Kevin Thelwell must hope he hasn’t peaked too early as his first signing as Everton director of football is still arguably his best.

Although James Tarkowski’s transfer from Burnley wasn’t officially confirmed until after his contract at Turf Moor had expired – understood to be due to the delicate situation between the two clubs at the time – it had been an open secret for several weeks in the summer of 2022 that the centre-back was heading to Goodison Park. The Blues were in need of both a leader and a durable figure in defence at the time – while Yerry Mina provided the former when available, the Colombian would depart 12 months later after just seven Premier League appearances that season (and 86 out of 190 in total over five years) – and Tarkowski has excelled in each respect.

The 31-year-old has now been an ever-present for Everton across back-to-back seasons and was part of a defence that kept 13 clean sheets in the Premier League last term, a figure that only runners-up Arsenal could top.
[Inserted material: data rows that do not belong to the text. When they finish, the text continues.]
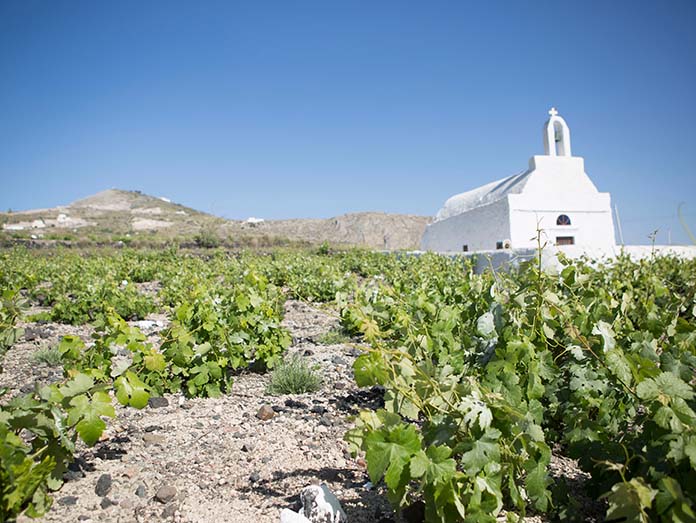 LCBO visits Greek wine regions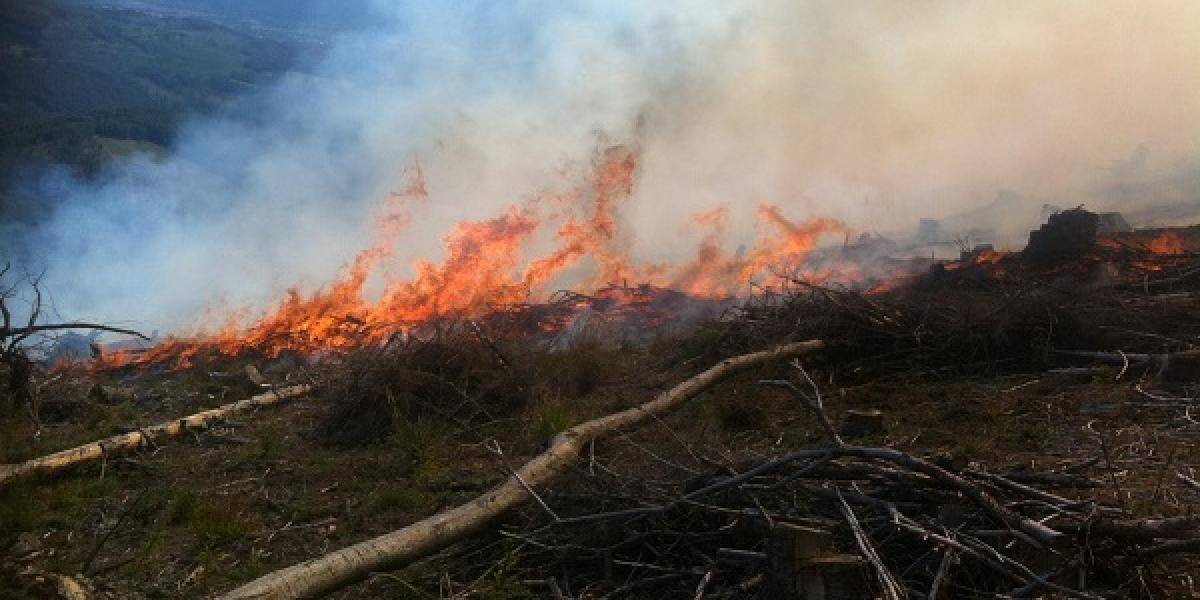 Požiar prírodnej rezervácie v Galícii sa nedarí dostať pod kontrolu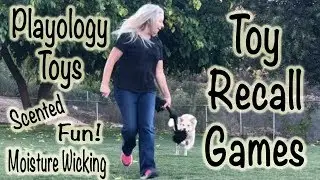Playology Toys: Toy Recall Games
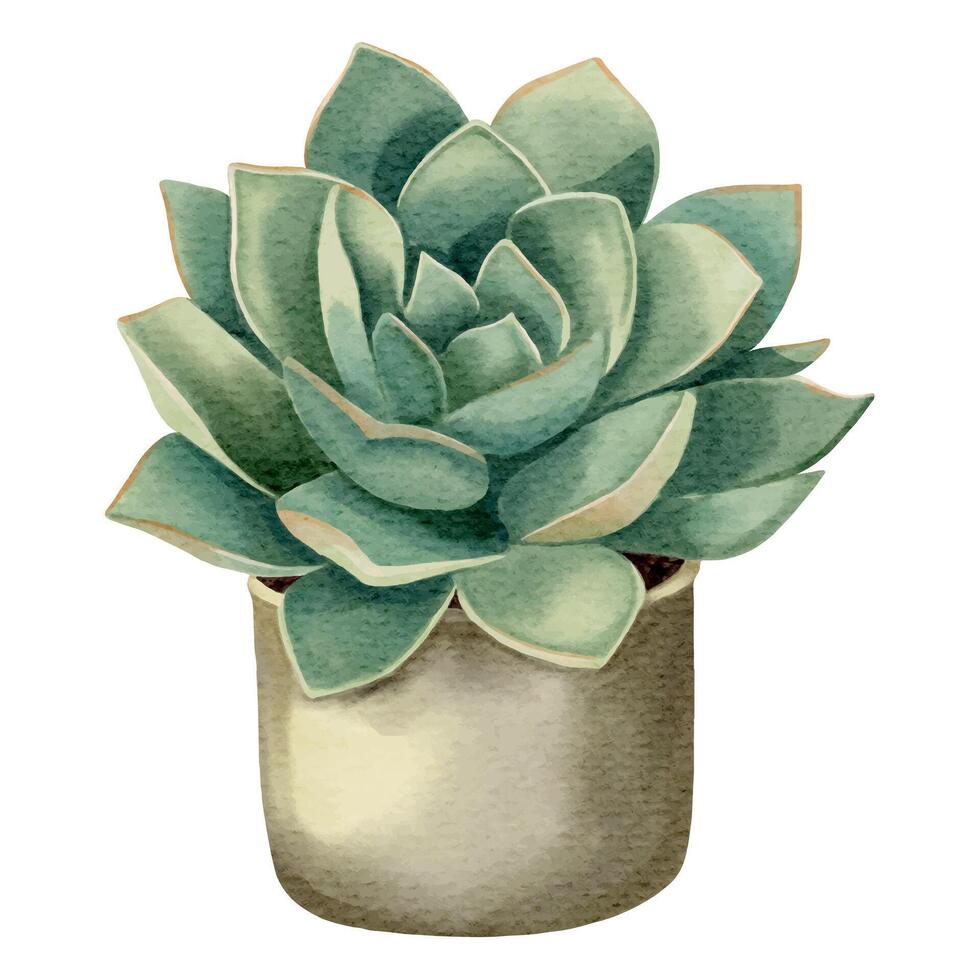 Watercolor succulent plant in pot. Watercolor flower pot isolated on white. vector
Also, we should not play down the role that Tarkowski has played in the development of his centre-back partner Jarrad Branthwaite who in recent months has emerged as a generational talent.

On the flip side of things, Neal Maupay has to go down as Thelwell’s worst signing so far. The Frenchman netted goal returns of 10, eight and eight in three Premier League seasons at Brighton & Hove Albion but has bagged just once in 32 outings for Everton.

That’s a truly dire statistic. The diminutive 5ft 8in frontman was anything but a like-for-like alternative to Dominic Calvert-Lewin so the Blues were unable to rely on him as an understudy for their number nine and neither the team nor the player himself benefitted tactically from the changes when he did come into the side.

At the moment, Maupay’s acquisition looks very much like £15million down the drain given that Brentford did not take up their initial option to turn his loan return to west London into a permanent move and he seems surplus to requirements at Goodison Park. Even if his goal return hadn’t been so poor, he seemed to burn his bridges with some unsupportive comments about the club’s loyal fanbase.

Joe Thomas - I remember the relief in Dwight McNeil's voice

This summer has started well for Everton. I think the business to date has been savvy and the early work to consolidate last season's squad and then take steps to improve it have been positive. The arrival of Iliman Ndiaye, on the cusp of being confirmed as the Blues' third summer signing, is an astute one and I think he could help bolster Everton's attacking threat next season while freeing up Abdoulaye Doucoure to provide another option in the deeper midfield positions.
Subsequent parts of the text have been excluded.